Un exemple sera plus clair. Trois T-shirts identiques relevant du même code SH : après déclaration groupée, seulement 3 euros à payer. Mais si un colis contient un jean et un pull en laine, relevant de deux codes SH différents, ce sera 6 euros. Si vous mettez cinq catégories différentes, les frais passent directement à 15 euros.
Pour un même colis, certains paient 3 euros, d'autres 15 euros, la seule différence réside dans la méthode de déclaration.
Un autre détail à noter : les produits électroniques, jouets et autres articles nécessitant une certification CE ne peuvent pas emprunter la filière de déclaration simplifiée et doivent être taxés à l'unité. Plus les catégories sont variées, plus le nombre de SKU est élevé, plus la superposition des taxes est importante.

Source : Internet
Une deuxième mesure en novembre
Les 3 euros de juillet ne sont que la première étape. À partir du 1er novembre 2026, les envois FBA vers l'UE seront soumis à des frais de traitement douanier supplémentaires de 2 euros.
En cumulant ces deux frais, plus la TVA IOSS existante, le coût total par colis pour les vendeurs en dropshipping augmentera d'environ 5 à 8 euros.
La situation des vendeurs FBA est légèrement différente. Les 3 euros de droits de douane de juillet seront directement ajoutés par Amazon au prix affiché en boutique, à la charge de l'acheteur. Quant aux 2 euros de frais de traitement après novembre, ils se refléteront probablement aussi dans le prix de vente. Une augmentation des prix aura inévitablement un impact sur le taux de conversion.

Source : Amazon Seller Central
Quelques actions à entreprendre maintenant
Face à ce changement, plusieurs préparatifs peuvent être faits à l'avance.
Premièrement, passez en revue les codes SH couramment utilisés et regroupez autant que possible les produits de même catégorie pour économiser sur les déclarations.

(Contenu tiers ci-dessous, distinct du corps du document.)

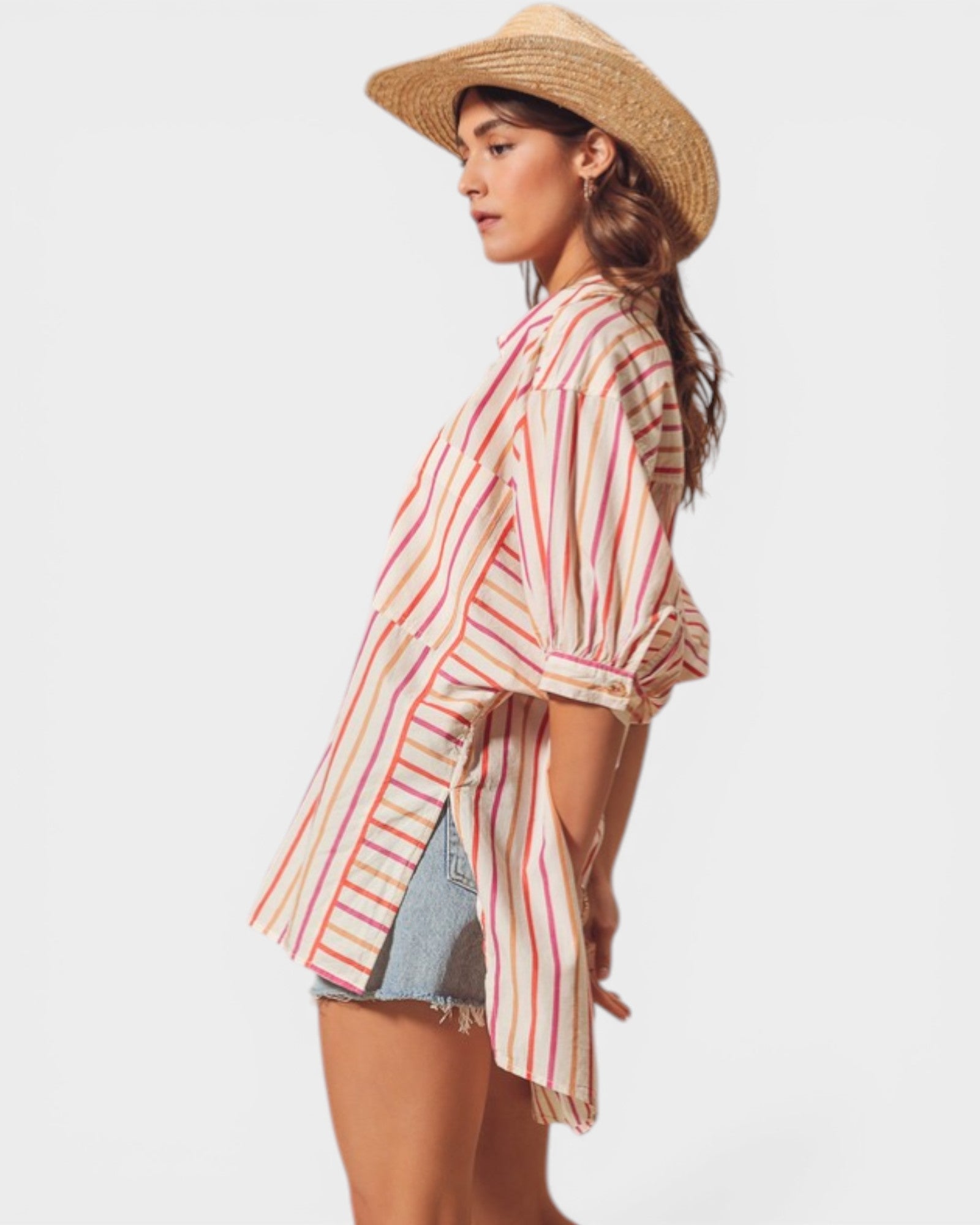 Woman wearing a striped shirt and straw hat on a white background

Deuxièmement, calculez précisément l'impact de la taxation par code SH sur vos marges réelles. Pour ceux qui ont des catégories variées et beaucoup de SKU, les taxes pourraient doubler après juillet. Il faut évaluer si les marges sont suffisantes et s'il faut ajuster les prix.

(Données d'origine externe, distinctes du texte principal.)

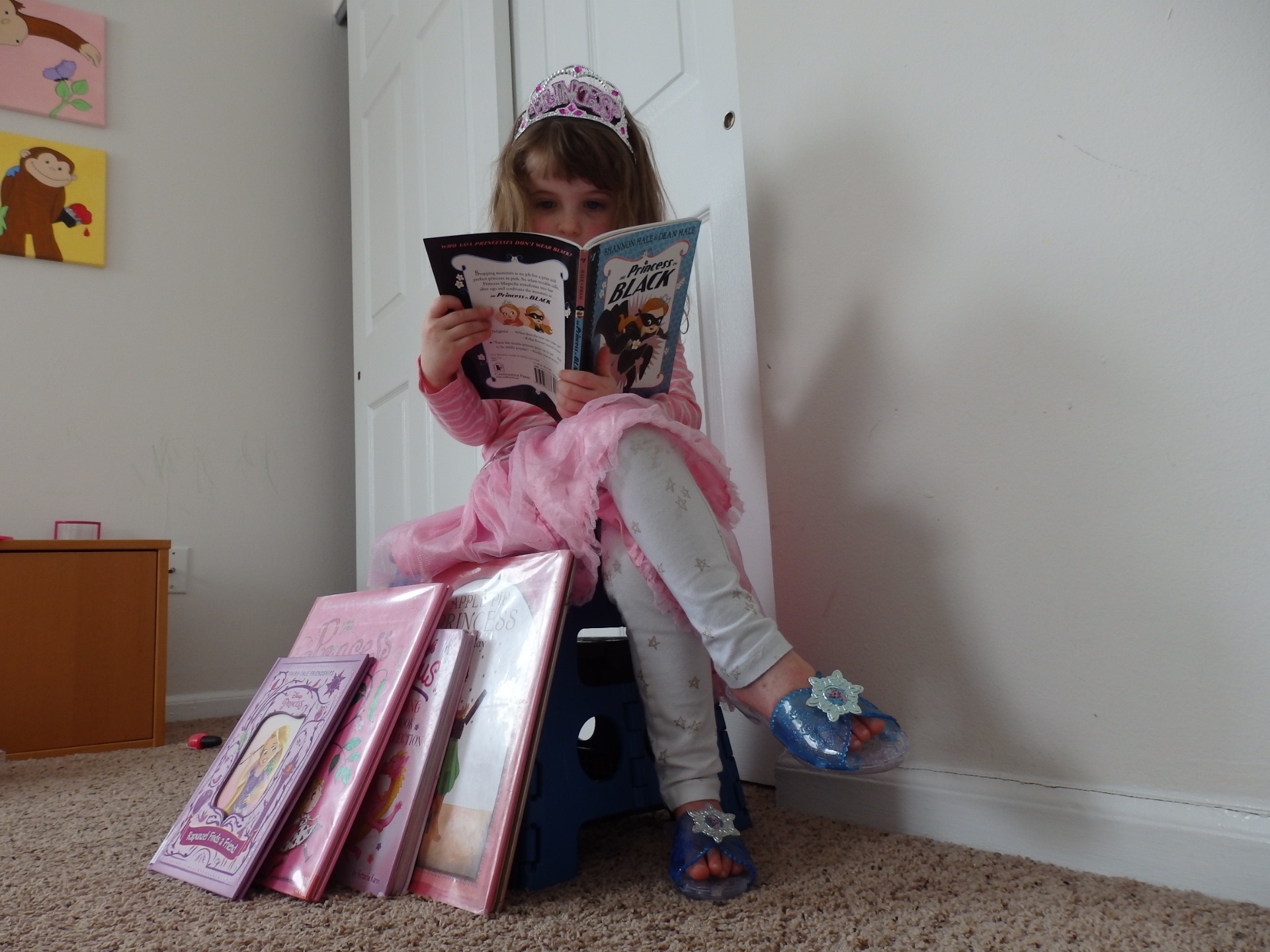 Heidi reading Princess in Black with grown-up crossed legs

Troisièmement, réévaluez la faisabilité des entrepôts à l'étranger. Avec 5 à 8 euros supplémentaires par colis en envoi direct, calculez combien cela coûterait en frais de stockage en entrepôt à l'étranger sur un mois pour voir la différence.
Quant aux méthodes comme la sous-déclaration ou l'utilisation abusive de numéros de TVA, elles ne fonctionneront pas.
L'époque où 5,8 milliards de colis déferlaient sur l'UE touche à sa fin. Mieux vaut organiser dès maintenant vos codes SH et vos méthodes de déclaration plutôt que de subir des taxes plusieurs fois plus élevées le moment venu.